The Advanced MaxDiff HB test is a great way to compare many alternatives without overwhelming respondents by asking them to read and consider all items at once. It takes a list of your items to be compared, and shows them in a balanced order to each respondent several items at a time.
The method is focused on collecting high-resolution individual-level data to be analyzed by Hierarchical Bayesian model. In typical settings respondents would see 10-20 screens.
aytm determines the number of screens to show to respondents automatically depending on the complexity of the study (i.e. number of items and number of items per task). For small and medium-sized studies, up to 40 items, an exposure frequency of approximately 2.5 times per item can be expected. In studies containing 41 items or more, exposure frequency drops to approximately 1 time per item allowing for more items to be evaluated by a respondent. Note: in no configuration would respondents be exposed to more than 20 screens total. In large studies testing up to 200 items, where the number of items being tested is greater than 20 * # items/screen (i.e., 3, 4, or 5), respondents get shown a random subset of items at 1 per item exposure frequency. For instance, in a 120 item study with 4 alternatives per screen, it can be expected that respondents will see 20 screens containing balanced sets of 80 quadruplets. This ensures good data quality regardless of the size of the study by keeping respondents' burden in check.
In deciding which items to show on the next screen of the MaxDiff, the system focuses on ensuring equal coverage of pairs of items among all respondents. In other words, items are chosen randomly, with bias toward pairs of items that were seen less frequently overall across respondents.
The core analysis of respondents' preferences is performed with help of Hierarchical Bayesian Multinomial Logit model. Bayesian model is estimated with Hybrid Gibbs Sampler with a random Metropolis step MCMC. The number of burn-in iterations is determined automatically when there's enough evidence for convergence.
The model takes into account properties of other items presented in a task when respondent makes a choice. The best/worst probabilities correspond to the logit transformation of the linear combination of utility scores of the packages in the task. Respondents are analyzed individually, with their preference scores being a realization of pooled "average" opinion which follows a Normal distribution, at the same time reflecting their individual preferences. As a result, raw Logit coefficients are available for every respondent.

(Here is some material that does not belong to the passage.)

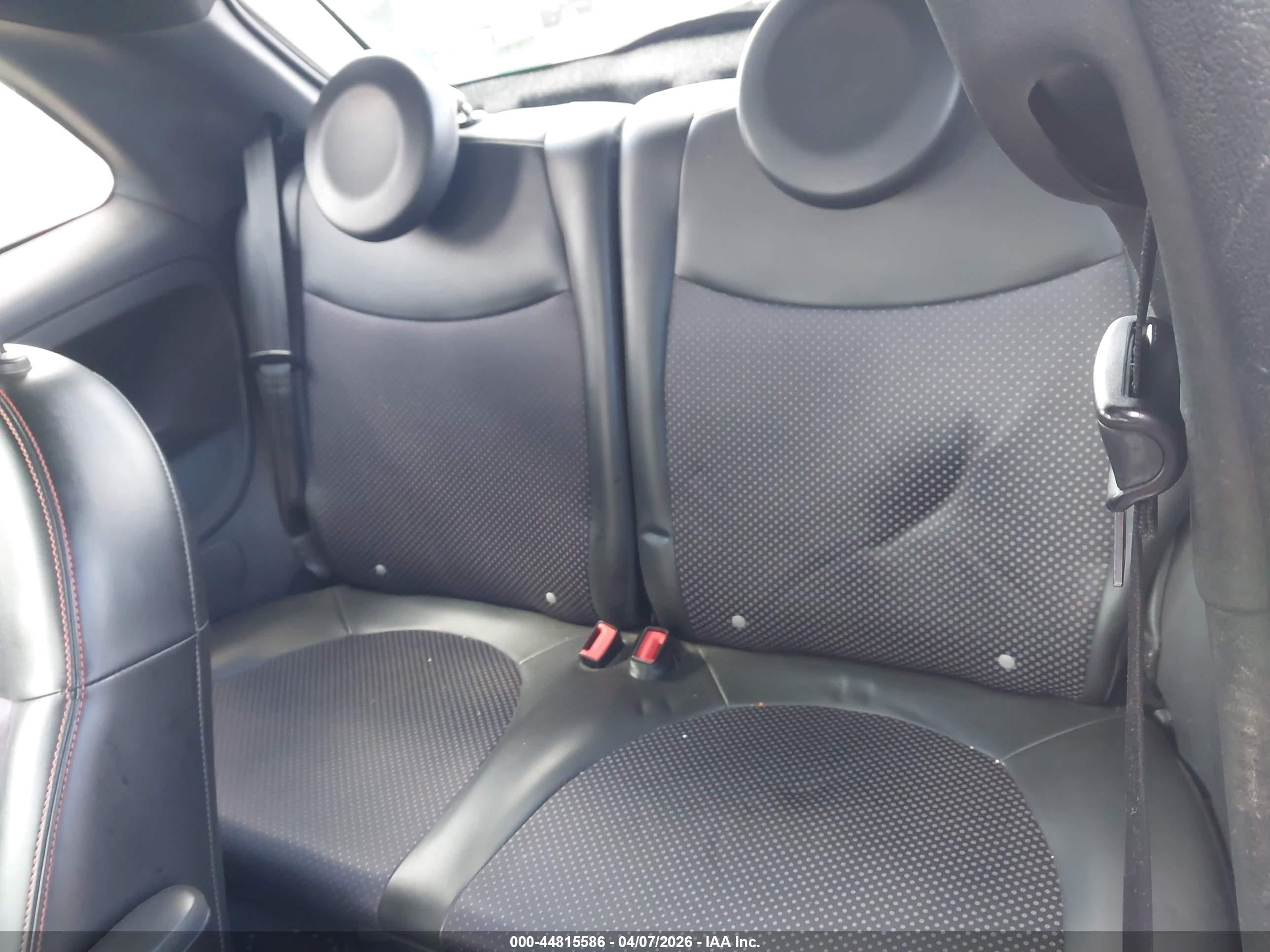 FIAT 500E image 8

The statistics page has three display modes:
- Preference Likelihood (X/screen) represents the likelihood that an item would be preferred over (X-1) other randomly selected items in the set. This score is appropriate when the MaxDiff exercise shows X items per exposure.
- Utility Scores are the raw regression coefficients estimated at the aggregate level. They are zero-centered so that 0 represents the average performance. The more positive an item's utility, the more it is preferred by respondents and the more negative an item's utility, the less it is preferred.
- Average-based PL (50% baseline) - represents the Preference likelihood [PL] that an item would be preferred over one other randomly selected item in the set. A score above 50% indicates that an item is a better-than-average performer.
When applying filters to a survey, Advanced MaxDiff HB questions will show aggregate statistics for the current subset of respondents.
- Raw coefficients export: all three reported statistics on individual level (for each respondent)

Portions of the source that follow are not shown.